Both of these developments are subject to varying interpretations.  Perhaps Putin could do more to influence the behavior of dissidents in Donetsk and Luhansk than he wants us to believe—the White House, based on its public statements, seems to think so—but this is not clear.  Neither do we really know what Putin’s intentions were for the military forces that had been conducting maneuvers near the border.  Maybe he did not know himself.  But both of these developments are significant.  Not doing something can represent a decision, and not doing something can be just as important as doing it.

Maybe I’ve missed something, but there does not seem to be any surge of commentary taking account of these developments, from the same sources that had been wailing abut how we had been letting Putin kick us around.  Why has there not been acknowledgment that maybe the best way to deter additional undesirable behavior isn’t to start firing away with more sanctions whether the behavior occurs or not, and that threatening military actions isn’t necessarily the best way to get results when what we are threatening is a war that everyone knows we would rather not fight?  Why hasn’t there been more updating of the scorecard on policy regarding Ukraine?

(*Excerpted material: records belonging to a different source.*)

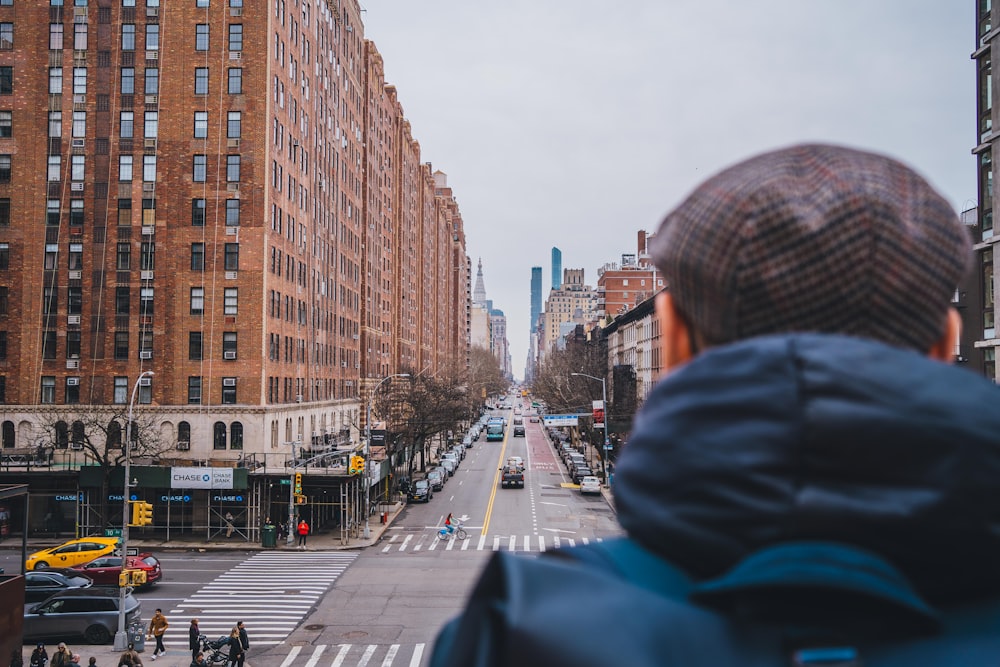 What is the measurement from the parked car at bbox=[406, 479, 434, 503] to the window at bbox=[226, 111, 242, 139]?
1077 inches

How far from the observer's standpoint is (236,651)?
875 inches

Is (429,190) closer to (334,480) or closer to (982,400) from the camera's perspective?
(334,480)

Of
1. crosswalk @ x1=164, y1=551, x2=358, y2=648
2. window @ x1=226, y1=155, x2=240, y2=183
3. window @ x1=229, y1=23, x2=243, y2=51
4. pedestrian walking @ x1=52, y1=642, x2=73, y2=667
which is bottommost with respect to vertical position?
crosswalk @ x1=164, y1=551, x2=358, y2=648

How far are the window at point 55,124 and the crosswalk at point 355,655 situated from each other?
36.9 m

I hasten to add two caveats to these observations, lest the observations exhibit some of the same deficiencies as the subject commentary.  First, not everything that the Russian government, or any other foreign actor, does can be attributable to the influence of U.S. policy.  Much that happens is beyond the influence of the United States, and that includes many of the good things that happen as well as many of the bad things.  Second, this whole story is far from over.  Any assessment of policy is necessarily only an interim assessment.  Russian forces could invade Ukraine tomorrow, and the scorecard would need to be revised again.

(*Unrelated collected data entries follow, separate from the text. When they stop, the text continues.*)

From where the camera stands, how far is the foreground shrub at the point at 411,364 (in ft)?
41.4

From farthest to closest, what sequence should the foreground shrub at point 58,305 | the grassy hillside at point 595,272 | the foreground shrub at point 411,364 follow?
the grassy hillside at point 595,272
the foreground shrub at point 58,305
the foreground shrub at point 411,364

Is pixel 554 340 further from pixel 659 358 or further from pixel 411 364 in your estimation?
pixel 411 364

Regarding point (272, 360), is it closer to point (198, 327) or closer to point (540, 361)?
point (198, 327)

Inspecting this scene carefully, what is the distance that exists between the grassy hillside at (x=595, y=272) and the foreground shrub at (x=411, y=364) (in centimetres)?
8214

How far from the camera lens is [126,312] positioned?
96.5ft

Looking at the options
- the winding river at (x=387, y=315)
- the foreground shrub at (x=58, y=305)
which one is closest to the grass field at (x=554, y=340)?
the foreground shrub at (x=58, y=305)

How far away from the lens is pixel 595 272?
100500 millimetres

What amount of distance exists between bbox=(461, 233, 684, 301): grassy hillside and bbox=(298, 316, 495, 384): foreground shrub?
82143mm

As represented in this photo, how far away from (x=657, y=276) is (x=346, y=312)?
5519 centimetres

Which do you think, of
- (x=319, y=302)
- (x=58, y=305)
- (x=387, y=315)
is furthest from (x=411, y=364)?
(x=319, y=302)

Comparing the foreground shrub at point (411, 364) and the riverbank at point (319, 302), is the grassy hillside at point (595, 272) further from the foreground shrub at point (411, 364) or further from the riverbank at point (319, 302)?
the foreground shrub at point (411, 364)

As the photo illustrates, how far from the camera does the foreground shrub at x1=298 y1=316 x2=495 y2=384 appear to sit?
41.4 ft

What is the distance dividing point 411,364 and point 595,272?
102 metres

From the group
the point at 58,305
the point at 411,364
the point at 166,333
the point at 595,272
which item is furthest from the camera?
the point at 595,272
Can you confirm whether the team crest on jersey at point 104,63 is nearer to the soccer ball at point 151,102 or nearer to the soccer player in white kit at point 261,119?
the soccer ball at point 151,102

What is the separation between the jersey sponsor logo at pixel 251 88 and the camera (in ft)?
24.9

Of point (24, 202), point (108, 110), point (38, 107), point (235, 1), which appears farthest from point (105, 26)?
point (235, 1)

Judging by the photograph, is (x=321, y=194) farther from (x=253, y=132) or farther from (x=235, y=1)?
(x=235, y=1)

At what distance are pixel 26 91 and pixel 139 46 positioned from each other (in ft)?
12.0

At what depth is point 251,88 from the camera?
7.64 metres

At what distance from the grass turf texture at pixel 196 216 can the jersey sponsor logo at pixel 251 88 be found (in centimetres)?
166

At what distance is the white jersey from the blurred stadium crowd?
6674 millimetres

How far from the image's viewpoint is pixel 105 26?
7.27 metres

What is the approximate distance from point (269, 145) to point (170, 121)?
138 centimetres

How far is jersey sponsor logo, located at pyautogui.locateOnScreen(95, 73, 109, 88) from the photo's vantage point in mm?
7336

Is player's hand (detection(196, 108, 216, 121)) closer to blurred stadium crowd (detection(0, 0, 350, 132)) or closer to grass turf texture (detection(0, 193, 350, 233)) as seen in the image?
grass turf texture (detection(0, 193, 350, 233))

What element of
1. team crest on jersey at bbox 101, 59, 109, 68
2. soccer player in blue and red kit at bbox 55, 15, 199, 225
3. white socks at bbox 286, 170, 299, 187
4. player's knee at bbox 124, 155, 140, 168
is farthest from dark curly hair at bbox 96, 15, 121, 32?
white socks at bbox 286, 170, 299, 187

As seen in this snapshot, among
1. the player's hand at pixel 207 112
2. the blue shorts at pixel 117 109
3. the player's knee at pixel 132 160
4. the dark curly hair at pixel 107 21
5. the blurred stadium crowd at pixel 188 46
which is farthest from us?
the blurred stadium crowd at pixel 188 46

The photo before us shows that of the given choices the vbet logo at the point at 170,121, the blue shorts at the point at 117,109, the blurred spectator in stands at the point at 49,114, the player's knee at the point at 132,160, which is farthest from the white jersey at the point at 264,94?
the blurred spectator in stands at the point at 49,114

Most of the criticism about a supposed U.S. policy of weakness giving free rein to Putin has ignored these two realities.  It vastly overstates the ability of the U.S. government to shape events, particularly in an area where U.S. interests are less than those of Russian interests.  And it includes grand judgments as if they will be the final word of history, when really they are only the perspective of a single point in time.

The criticism also is like much commentary on other subjects in that it pays inadequate attention to non-events.  Non-events can include wars that are not launched, terrorist attacks that do not occur, or unconventional weapons that are not built.  Non-events are the other side of the same coin as events in their impact on U.S. interests.  They constitute important data points in assessing which policies work well and which ones do not.  The tendency to score policy performance only in terms of what has happened, without paying attention to what has not, produces an incomplete and biased scorecard.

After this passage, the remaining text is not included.